Mold, Mildew and Maintenance Woes: Are we getting our money’s worth?

Waltonian | The Waltonian Eastern University

Broken pavement and old construction supplies litter the ground behind Doane. When you walk inside, it smells musty and old. The floorboards creak as you make your way up the stairs. Why doesn’t Eastern take care of their dorms?

In the wake of the recent chaos from the power outage, students might be wondering this more than ever. And problems with Eastern’s residence halls seem to be an ongoing issue. Mold in the dorms. Buildings that students are unable to access with their keycard—or doors that are propped wide open for any and all to enter. We pay roughly $7,000 for room and board. Where is that money going?

A few days ago, I met with Mares Stellfox, who became the director of Plant Operations in September. Plant Ops organizes housekeeping and maintenance for the whole campus, responding to small work requests as well as bigger problems with electricity, plumbing and so forth. I asked her about the problems with the power outage a couple weeks ago.

“Some of it was Eastern because we had the trees come down that took down our internal lines,” she said. But this was fixed within a day. The longer-lasting power outage was a problem with our electricity provider—an outage that occurred over a much wider area than just Eastern. “Not everything is controlled on our hands,” she said.

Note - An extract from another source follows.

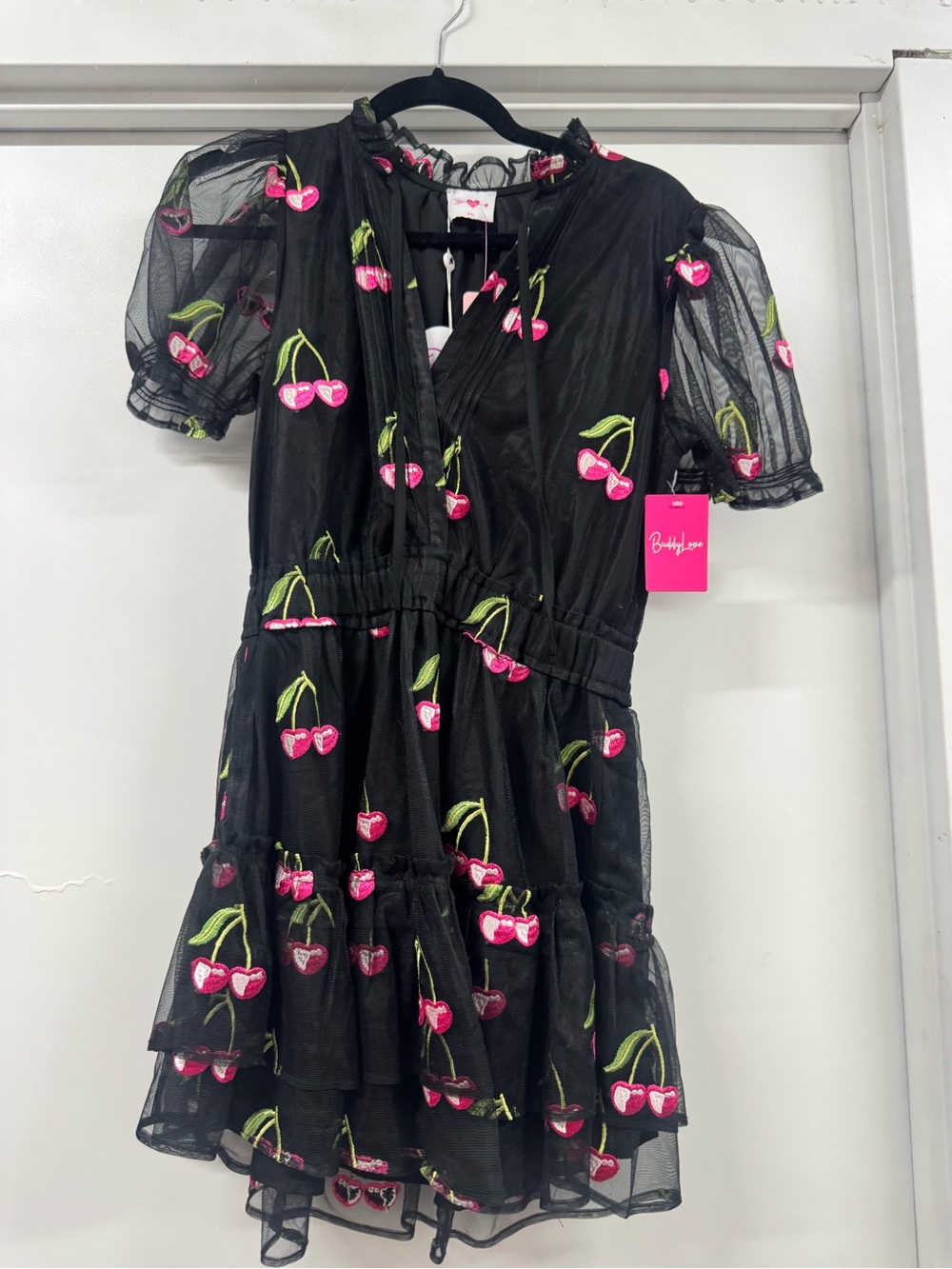 Buddy Love Black Mesh Dress with Pink Cherry Embroidery
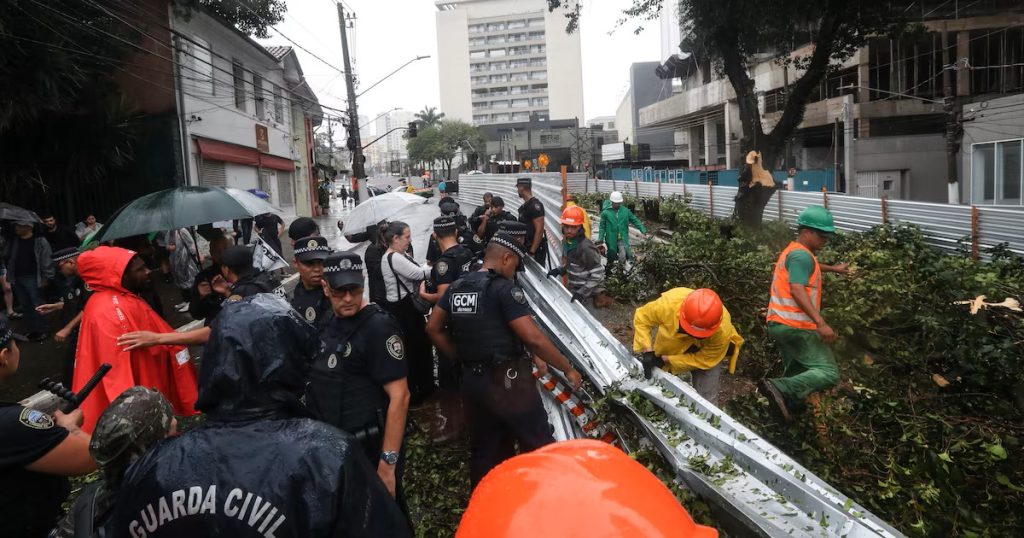 Prefeitura segue derrubando árvores centenárias, ainda que contra a vontade da população e pareceres técnicos, como as árvores da Av. Sena Madureira.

But I know what you’re thinking. The dorms lose power all the time. Though we can understand that inconveniences happen sometimes—that trees fall on power lines once in a while—the frequency with which it occurs seems a little ridiculous. Perhaps that’s just the price we pay, not going to school in a concrete prison in downtown Philadelphia. But can’t anything be done about the trees to prevent future power outages?

Stellfox agreed that the trees have been a problem. It isn’t easy to cut them down, since in Radnor Township the rule is that for every tree you cut down, you have to replant two more. Eastern at times shuts down campus to take care of vegetation and trees near the power lines, but it isn’t feasible to cut down all trees that might possibly fall. However, on a brighter note, Stellfox mentioned a hope of getting another generator for Walton Hall, so the Dining Commons can function more fully even in a power outage.

Another problem I often hear students complaining about is the mold in the dorms. When I asked Stellfox about it, she noted that there have been problems with mold in the past, but they aren’t that common in the dorms anymore. “We’ve had six rooms that were complaining about mold,” she said. “I had the mold specialist come in, and out of the six rooms they said had mold, two rooms had one spore.”

There are issues with Eastern’s dorms, for sure, but do we really have it that much worse than other students? A student at Mississippi State University, where the average room and board is about $10,000, told me that though she feels that she’s getting her money’s worth, her campus has experienced many problems similar to those of Eastern’s dorms. 

“We…seem to lose electricity in every storm,” she said. She described a time a year ago when pipes burst and flooded her building, damaging students’ personal belongings. Though the campus cleared the water quickly, it was unable to fully dry the carpets or reimburse students for what was ruined. The dorms at MSU, like Eastern, are old, having frequent issues with mold. “These dorms need major upgrades, especially the old ones,” she said. “The old ones have mold problems, bug infestations and they are practically falling apart.”

A friend at Auburn University, where housing alone costs an average of $9,000 (and the meal plan is an additional $6,000), has had a more positive experience with her living situation. The campus has lost power only once in her time there, and it was fixed in less than an hour. 

While there are certainly still improvements that need to be made to the dorms, and living conditions in general at Eastern, a lot of resources, both money and time, go toward problems that shouldn’t even exist. Stellfox described students flushing items down toilets, dumping candle wax into drains and leaving old food in sinks.

 “We’re here to help out, and to fix things when they break,” Stellfox said.  “But when things are maliciously done, and food is put in drains, that’s just not… something that Plant Ops should be dealing with.” This irresponsibility wastes both time and money, preventing real issues from getting addressed. 

Don’t get me wrong—I lived in Kea last year. It was rough. And though a new coat of paint isn’t the solution to all its problems, it’s certainly an improvement. But for the prices we pay compared to other universities (even though the bill feels ridiculously expensive each semester), the dorms here really aren’t that bad. Could Eastern manage its money better? Of course. But the dorms are gradually improving, still recovering from post-Covid supply chain issues and the problems we have aren’t problems that are specific to Eastern. Most colleges have one downside or another. And if it means I don’t have to pay thousands more dollars per semester, I’m happy to live in dorms that are a little old and dusty.